Robustesse à des retards de métrologie incertains. Dans ce chapitre, nous présen-tons un exemple simple de système soumis à des retards de mesure variables et incertains. Ces retards n’ont pas de structure permettant de les compenser simplement dans le con-trôleur. Nous établissons un résultats de convergence robuste sous une condition de petit gain.

Introduction

In this chapter, we investigate the effects of delay variability and uncertainty on the classic Internal Model Controller (IMC, see e.g [MZ89]) of a single-input single-output (SISO), static, nonlinear, sampled-data process with delayed measurements whose dating is uncertain. As is well-known, the uncertainty and the variability of delays lead to challenging control problems that may jeopardize closed-loop stability, see [Krs09], [HOS+16] and references therein. It is also known, see [WHQ+05], that metrology delays coupled with inaccurate process models could lead to closed-loop instability.
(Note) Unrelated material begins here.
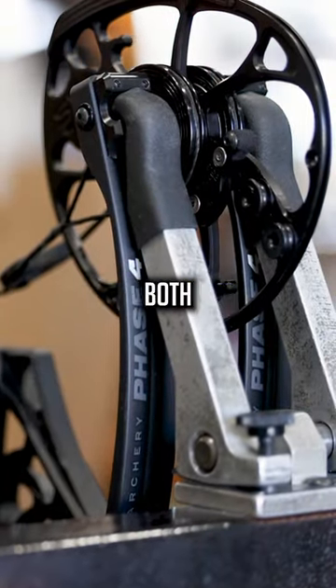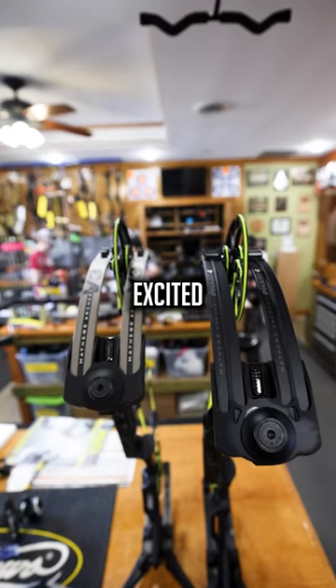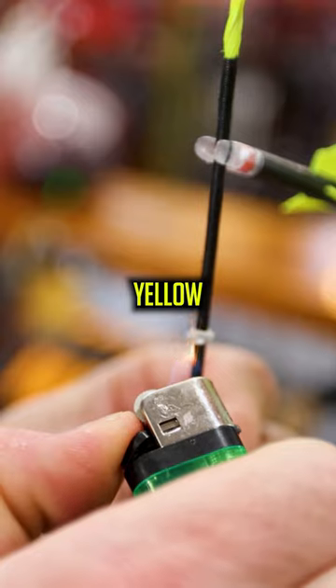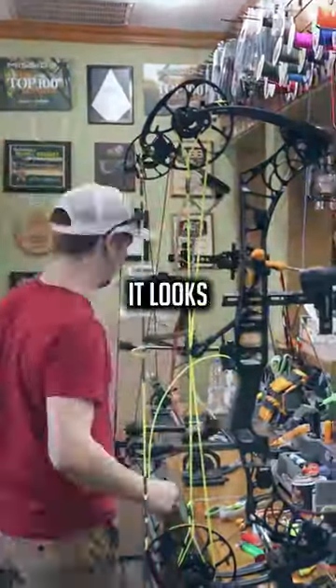Honestly, there's just preference. The V3X, the Phase 4 — they're both awesome bows, but I was excited to make a switch, go to the all black color scheme with flow yellow, America's Best Bow Strings. Man, it looks sick.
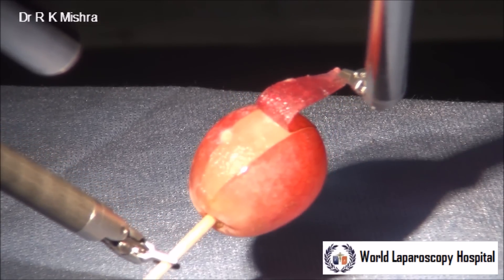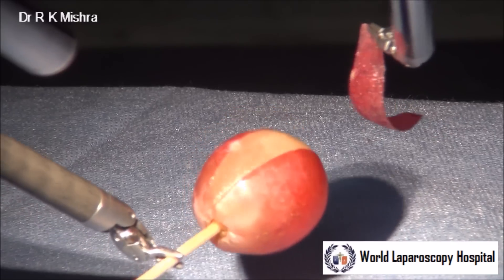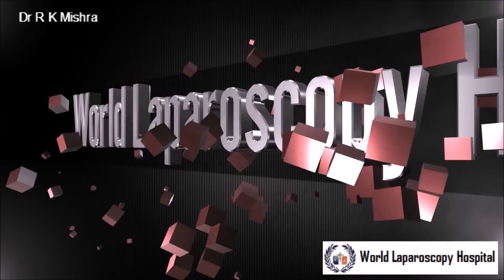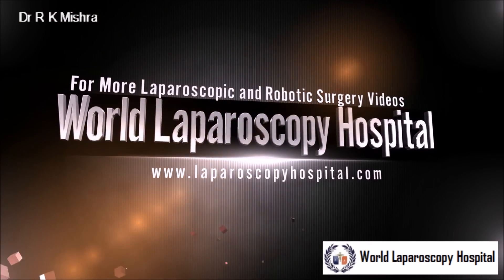This is a very good task for beginners to develop their skill. Thank you very much, and please keep on doing that on your own Da Vinci robot.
As discussed earlier in this thesis, the general treatment of these issues is still an open problem.
The process under consideration and its controller constitute a sampled-data system (following the terminology employed in e.g. [CF95], [FSR04]) which can be reformulated using a classic discrete time representation. The specific case under consideration is actually also formally very similar to a scalar run-to-run controller, the robustness of which is not trivial. Run-to-run control is a popular and efficient class of techniques, originally proposed in [SGHH91], specifically tailored for processes lacking in situ measurement for the quality of the production (see [WGD09]). Numerous examples of implementations have been reported in the semiconductor, and materials industry, in particular, see e.g. [WGD09, MdCH00] and references therein. Indeed, the field of run-to-run control encounters two of the practical problems addressed in this chapter: nonlinear model uncertainty and variable metrology delays. While these issues have often been reported (see, e.g. [WHQ+ 05], [GQ02], [FSB03], [WP15]), they have not received any definitive treatment from a theoretical viewpoint.
In the problem considered here, model uncertainty stems from the interactions between the input and the system states which can be rather complex, and, in turn, cause some non-negligible uncertainty on the quantitative effects of the input. On the other hand, the measurements are available after a long time lag covering the various tasks of sample collection, receipt, preparation, analysis and transfer of data through an information technology (IT) system to the control system. Measurements are thus impacted by large delays, which can be varying to a large extent, and in some applications be state- or input-dependant. As detailed in the introduction of this thesis, this variability of the delay builds up with the intrinsic IT dating uncertainty, because, in numerous implementations, no reliable timestamp can be associated to the measurements. The delay variability cannot be easily represented by Gaussian models (e.g. additive noise on the measurement), nor can it be fully described as deterministic input or state dependant delay, nor known varying delays that could be exactly compensated for by predictor techniques (as done in e.g. [BPCP12, BPCP14, BLK13b, BLK13c, BLK13a]).
In the absence of measurement dating uncertainty, robust stability in the presence of model mismatch can be readily established, using the monotonicity of the system and model which is formulated here as an assumption. The study of measurement dating uncertainty effects is more involved. Once expressed in the sampled time-scale, the control scheme exhibits a variable delay discrete-time dynamics. No straightforward eigenvalues or Nyquist criterion analysis (see [GQ02]) can be used to infer stability. Instead, a complete stability analysis in a space of sufficiently large dimension, with a well chosen norm, yields a proof of robust stability under a small gain condition. Interestingly, this small-gain bound is reasonably sharp, so that it can serve as guideline for practical implementation. The novelty of the approach presented in this chapter lies in the proof technique. It does not treat the uncertainty of the delay using the Padé approximation approach considered in [ZCMC09], but directly uses an extended dimension of the discrete time dynamics. It is believed that these arguments of proof could be extended to address more general problems, in particular to higher dimensional forms (lifted forms) usually considered to recast general iterative learning control into run-to-run as is clearly explained in [WGD09].
The chapter has two objectives. After laying out a precise problem statement in Section 2.3, it establishes robust stability results with respect to model mismatch when measurements are delayed but exactly dated in Section 2.4.1. Then, it extends robust stability to small model errors when measurements are delayed and their dating is uncertain in Section 2.4.2. Those results are illustrated through simulations in Section 2.5.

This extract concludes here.